She added that there is a “limit to what people are either willing or able to pay.”


----------



## Ruthanne (Oct 20, 2022)

The year 2050 they will plummet.


----------



## palides2021 (Oct 20, 2022)

squatting dog said:


> First started leveling off here in our area of Florida, now starting to come down. 3 weeks ago, 3-2 house's were selling for $350,000 and up and most were pending or sold. Today, some of the house's we were watching are now asking $299,000 or less.


I believe it. Florida has been an up and down state for me with regards to real estate (at least in the Tampa Bay Area). We used to own property there, and bought it at an absurdly low rate in the 90s. Then prices went up a few years later, then back down, then up higher...then down....like a roller coaster...it was difficult to time it right to sell.


----------



## dseag2 (Oct 20, 2022)

rasmusjc said:


> According to the people I've been reading in and out of the market, I interpret their thinking to be:  1.  Prices are coming down in areas of the US, but it will eventually spread to all of the areas where people where moving to since 2019 (residential only).  2.  Realtors are beginning to see prices come down and you can get a cheaper houses, but if we buy now, our house values will still be falling further until the end of next year.  3.  Best lower prices could be seen at the end of 2023 or first half 2024.  4.  I've talked to some realtor friends who tell me potential buyers have evaporated here in DFW in just the past month.  Not a good situation for sellers.

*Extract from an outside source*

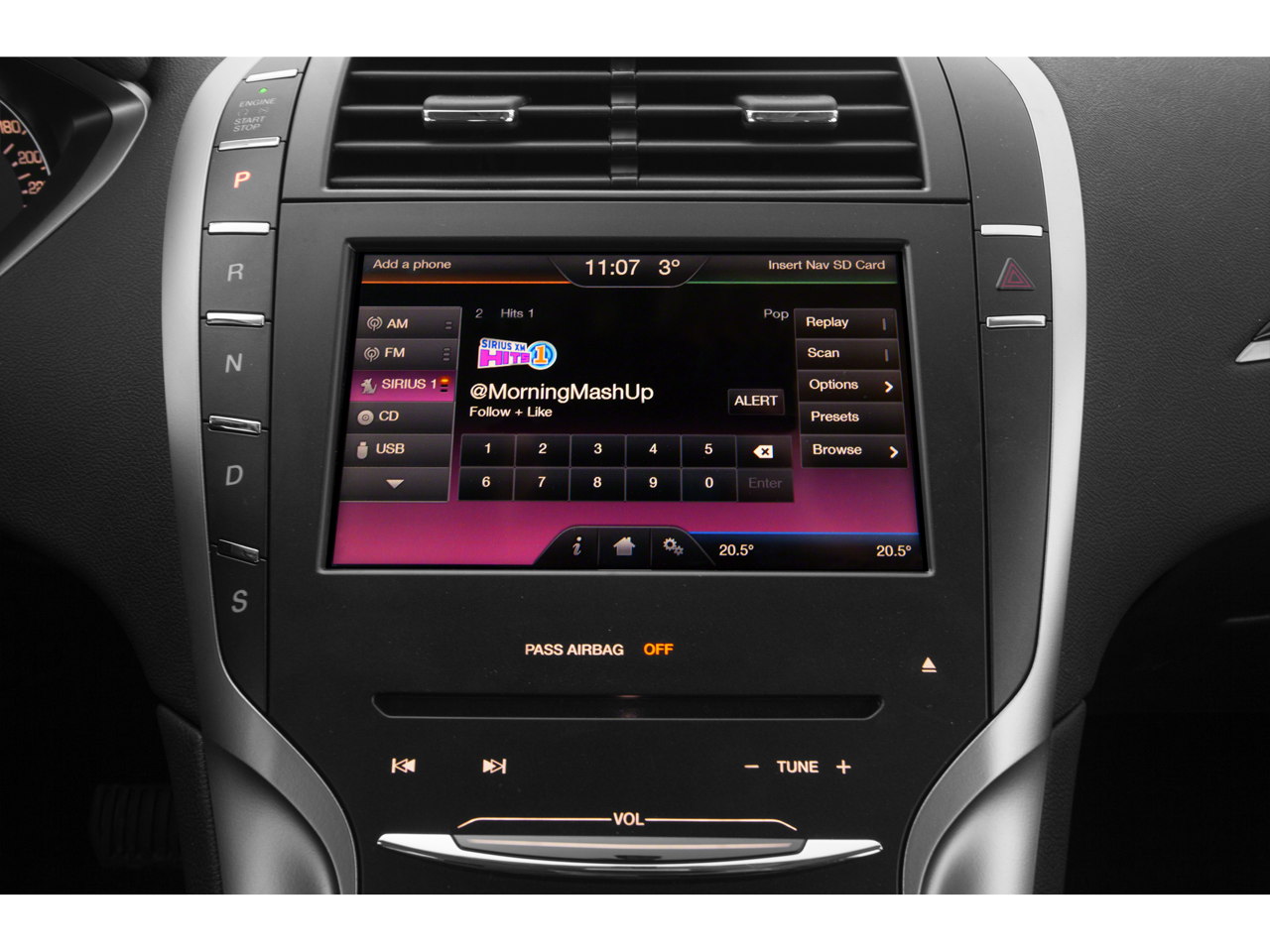 2015 Lincoln MKZ 4dr Sdn FWD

It is not a good situation for sellers, but it is a good situation for those of us who intend to stay in our homes in the DFW area for years to come.  We've lived in our home for 16 years, and the rise in house prices has made our property taxes astronomical. The last house to sell in our neighborhood sold for more than twice what we paid for ours.  If we have no intention of selling, we are penalized.

I actually welcome the relief.  I drive through the Lakewood area of Dallas frequently, and in past months a For Sale sign would be in front of a house one day and then a Sold sign would be up within a few days.  Now the For Sale signs are staying in the yards.


----------



## rasmusjc (Oct 20, 2022)

dseag2 said:


> It is not a good situation for sellers, but it is a good situation for those of us who intend to stay in our homes in the DFW area for years to come.  We've lived in our home for 16 years, and the rise in house prices has made our property taxes astronomical. The last house to sell in our neighborhood sold for more than twice what we paid for ours.  If we have no intention of selling, we are penalized.
> 
> I actually welcome the relief.  I drive through the Lakewood area of Dallas frequently, and in past months a For Sale sign would be in front of a house one day and then a Sold sign would be up within a few days.  Now the For Sale signs are staying in the yards.


Well, we took advantage last year of the astronomical prices of homes in the North Texas area and sold our house on the way to downsizing.  We moved into this house at the beginning of this year...this house cost 1/3 of the price that we sold our home for, and property taxes are only 40% of what we were paying at the old house.  The difference helped a lot in shoring up our retirement funds.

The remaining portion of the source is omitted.